Re: Question on moving linked data sets

2012-04-19 Thread Bernard Vatant
Hello Antoine

My take on this would be to use dcterms:isReplacedBy links rather than
owl:sameAs
Description of the concepts by BNF might change in the future and although
the original identifier is the same, the description might be out of sync
at some point.

Bernard

Le 19 avril 2012 16:23, Antoine Isaac ais...@few.vu.nl a écrit :

 Dear all,

 We have a question on an what to do when a linked data set is moved from
 one namespace to the other. We searched for recipes to apply, but did not
 really find anything 'official'  around...
  The VU university of Amsterdam has published a Linked Data SKOS
 representation of RAMEAU [1] as a prototype, several years ago. For example
 we have
 http://stitch.cs.vu.nl/**vocabularies/rameau/ark:/**12148/cb14521343bhttp://stitch.cs.vu.nl/vocabularies/rameau/ark:/12148/cb14521343b

 Recently, BnF implemented its own production service for RAMEAU. The
 previous concept is at:
 http://data.bnf.fr/ark:/12148/**cb14521343bhttp://data.bnf.fr/ark:/12148/cb14521343b
 (see RDF at 
 http://data.bnf.fr/14521343/**web_semantique/rdf.xmlhttp://data.bnf.fr/14521343/web_semantique/rdf.xml
 )

 The production services makes the prototype obsolete. Our issue is how to
 properly transition from one to the other. Several services are using the
 URIs of the prototype. For example at the Library of Congress:
 http://id.loc.gov/authorities/**subjects/sh2002000569http://id.loc.gov/authorities/subjects/sh2002000569

 We can ask for the people we know to change their links. But identifying
 the users of URIs seems too manual, error-prone a process. And of course in
 general we do not want links to be broken.

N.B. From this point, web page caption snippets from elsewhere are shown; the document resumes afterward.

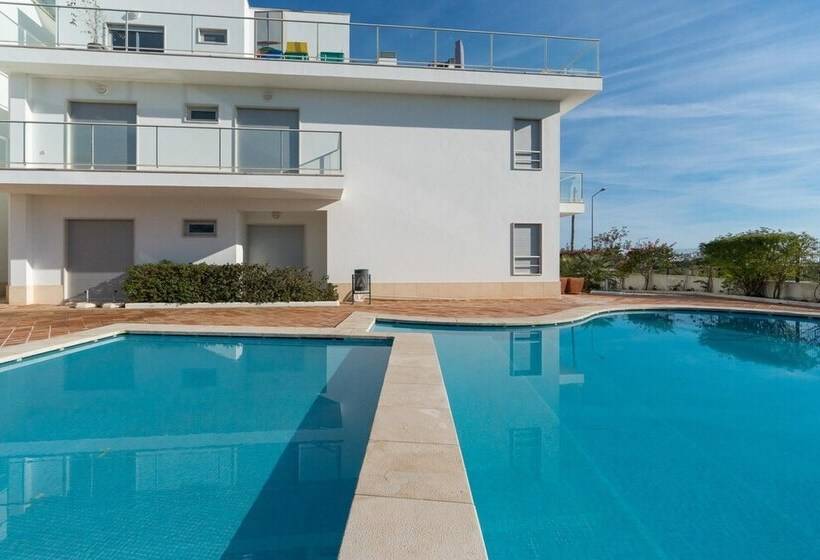 Beautiful Apartment With Terrace And A Pool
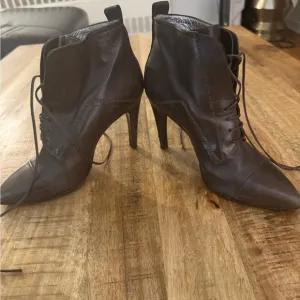 Hugo boss BOSS brown leather pointed pointy toe tip lace up high heel boots EUC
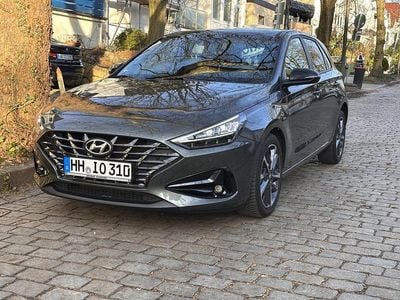 Gebraucht Hyundai i30 GO! 120 PS (88 kW) 2023 Grau Limousine
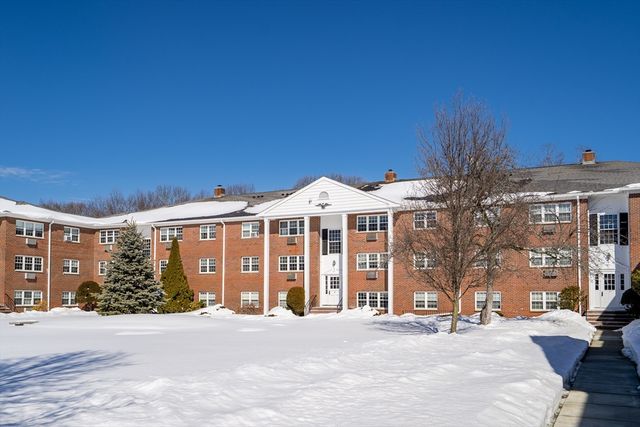 8 Old Colony Ln 2, Arlington, MA 02474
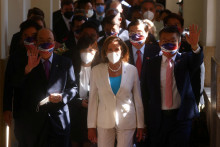 &lt;p&gt;Predsedníčka Snemovne reprezentantov USA Nancy Pelosiová navštívila parlament v Tchaj-peji. FOTO: Reuters&lt;/p&gt;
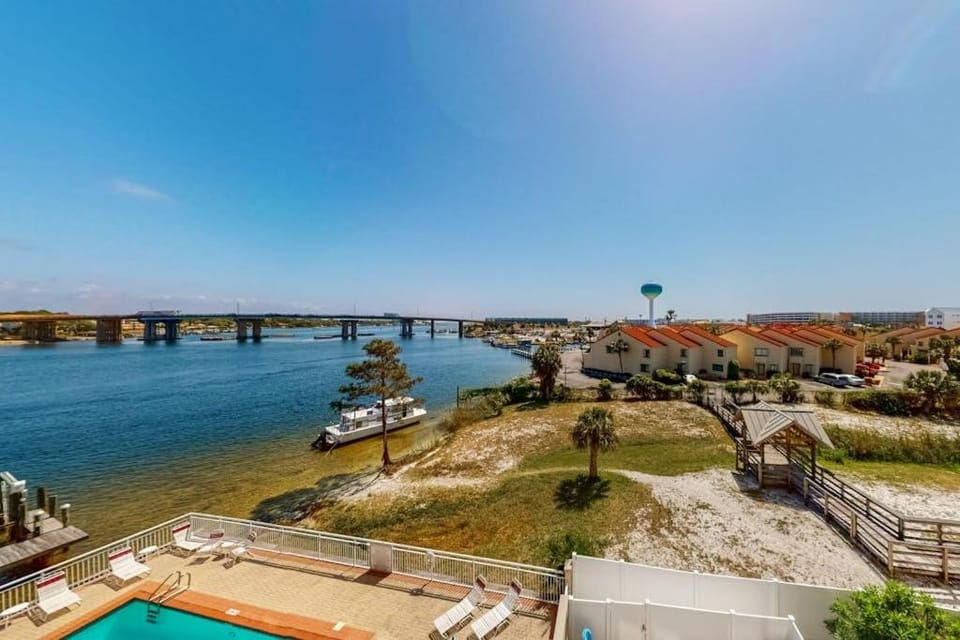 Palm Court Yacht Club 410 - Waterfront condo with balcony pool hot tub central AC & washer&dryer House in Okaloosa Island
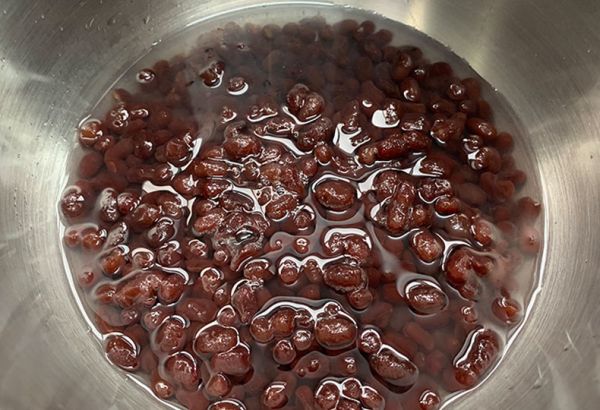 日式蜜豆芝麻包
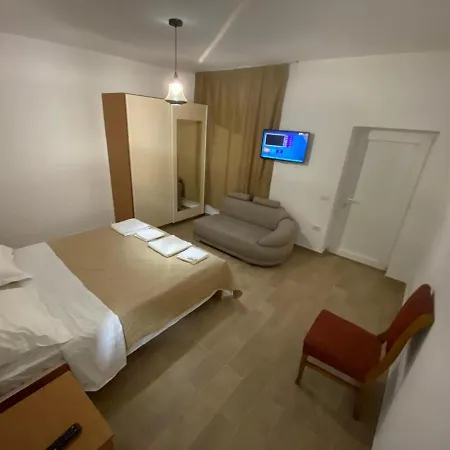 Avdi Rexha Hotel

 Currently we have done the following:

 - a 301 moved permanently redirection from the 
 stitch.cs.vu.nl/rameauprototype to
 data.bnf.fr.

 - an owl:sameAs statement between the prototype URIs and the production
 ones, so that a client searching for data on the old URI gets data that
 enables it to make the connection with the original resource (URI) it was
 seeking data about.

 Does that seem ok? What should we do, otherwise?

 Thanks for any feedback you could have,

 Antoine Isaac (VU Amsterdam side)
 Romain Wenz (BnF side)

 [1] RAMEAU is a vocabulary (thesaurus) used by the National Library of
 France (BnF) for describing books.




-- 
*Bernard Vatant
*
Vocabularies  Data Engineering
Tel :  + 33 (0)9 71 48 84 59
 Skype : bernard.vatant
Linked Open Vocabularies http://labs.mondeca.com/dataset/lov


*Mondeca**  **   *
3 cité Nollez 75018 Paris, France
www.mondeca.com
Follow us on Twitter : @mondecanews http://twitter.com/#%21/mondecanews


Re: Question on moving linked data sets

2012-04-19 Thread Ed Summers
Hi Antoine,

First, congratulations on http://data.bnf.fr/ that is a major milestone!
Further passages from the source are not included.